Reading the Bible is as necessary to living as a Christian as sleep is in living as a healthy person. Continuously deprive ourselves of sleep and it’s our health that suffers. As Christians, deprive ourselves of reading the Bible and our faith will certainly suffer. But just as we can have habits that make sleeping more difficult, like eating right before bedtime, it’s possible to read the Bible in ways that actually makes living our faith more difficult. This is why it’s not just important that we read the Bible but it’s also important to think about how we read the Bible.

Coffee and BibleIn my experience as a pastor, there are some ways in which Christians read the Bible that are unhelpful, at best, and may in fact hinder discipleship. These include readings that ignore the context, dogmatic proof-texting or cherry-picking, and readings that focus simply knowing the times and dates of presumed prophetic event to come, and prosperity readings, to name a few.

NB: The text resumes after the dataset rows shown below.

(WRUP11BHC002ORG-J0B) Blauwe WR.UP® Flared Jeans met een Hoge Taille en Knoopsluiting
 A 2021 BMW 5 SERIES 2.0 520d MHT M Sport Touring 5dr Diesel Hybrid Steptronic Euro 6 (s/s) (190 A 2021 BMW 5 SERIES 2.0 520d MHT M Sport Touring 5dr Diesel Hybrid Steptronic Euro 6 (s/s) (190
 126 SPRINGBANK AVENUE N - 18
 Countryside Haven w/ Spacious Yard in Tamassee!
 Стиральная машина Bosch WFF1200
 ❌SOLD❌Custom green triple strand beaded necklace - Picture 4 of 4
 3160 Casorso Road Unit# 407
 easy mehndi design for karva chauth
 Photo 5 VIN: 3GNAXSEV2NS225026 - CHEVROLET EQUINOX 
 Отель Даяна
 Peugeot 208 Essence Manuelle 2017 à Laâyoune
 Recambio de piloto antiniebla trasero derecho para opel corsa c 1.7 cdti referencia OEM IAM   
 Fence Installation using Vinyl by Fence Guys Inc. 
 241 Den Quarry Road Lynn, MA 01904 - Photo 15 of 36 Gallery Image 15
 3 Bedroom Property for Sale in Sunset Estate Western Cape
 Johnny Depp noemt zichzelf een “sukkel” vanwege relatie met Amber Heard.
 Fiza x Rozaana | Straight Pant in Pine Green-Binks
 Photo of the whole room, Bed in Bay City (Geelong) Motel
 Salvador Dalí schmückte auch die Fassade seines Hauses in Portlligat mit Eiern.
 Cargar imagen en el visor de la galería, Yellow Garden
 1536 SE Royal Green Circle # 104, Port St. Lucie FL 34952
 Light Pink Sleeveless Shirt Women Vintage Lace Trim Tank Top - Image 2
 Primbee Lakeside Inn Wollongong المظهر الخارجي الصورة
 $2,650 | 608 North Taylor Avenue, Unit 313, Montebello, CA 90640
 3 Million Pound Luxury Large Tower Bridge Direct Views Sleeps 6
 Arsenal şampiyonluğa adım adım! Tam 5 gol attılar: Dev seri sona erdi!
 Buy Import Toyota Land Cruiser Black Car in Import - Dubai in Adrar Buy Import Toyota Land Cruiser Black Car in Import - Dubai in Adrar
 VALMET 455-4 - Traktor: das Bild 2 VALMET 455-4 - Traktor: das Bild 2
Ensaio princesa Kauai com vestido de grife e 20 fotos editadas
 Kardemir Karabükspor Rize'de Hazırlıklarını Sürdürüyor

Part of the problem is that there just does not seem to be enough attention given to thinking about and learning how to read the Bible. There’s plenty of encouragement towards reading the Bible but seemingly little attention given to the how of reading the Bible. That must change and it must change because as Christians, we are called to follow Jesus.

So as followers of Jesus, we ought to read the Bible in order to become more like him so that we may more faithfully embody the good news of the kingdom of God like Jesus did. That means we must go beyond just a reading of scripture that says, “The Bible says it, I believe it, and that settles it.” The Bible says a lot of things but that neither settles the matter nor does it mean we just automatically do ________ because the Bible says so (which is impossible anyway). Instead, I want to propose that we must ask about how Jesus lived the ________ teaching in ________ passage of scripture from both the Old and New Testament.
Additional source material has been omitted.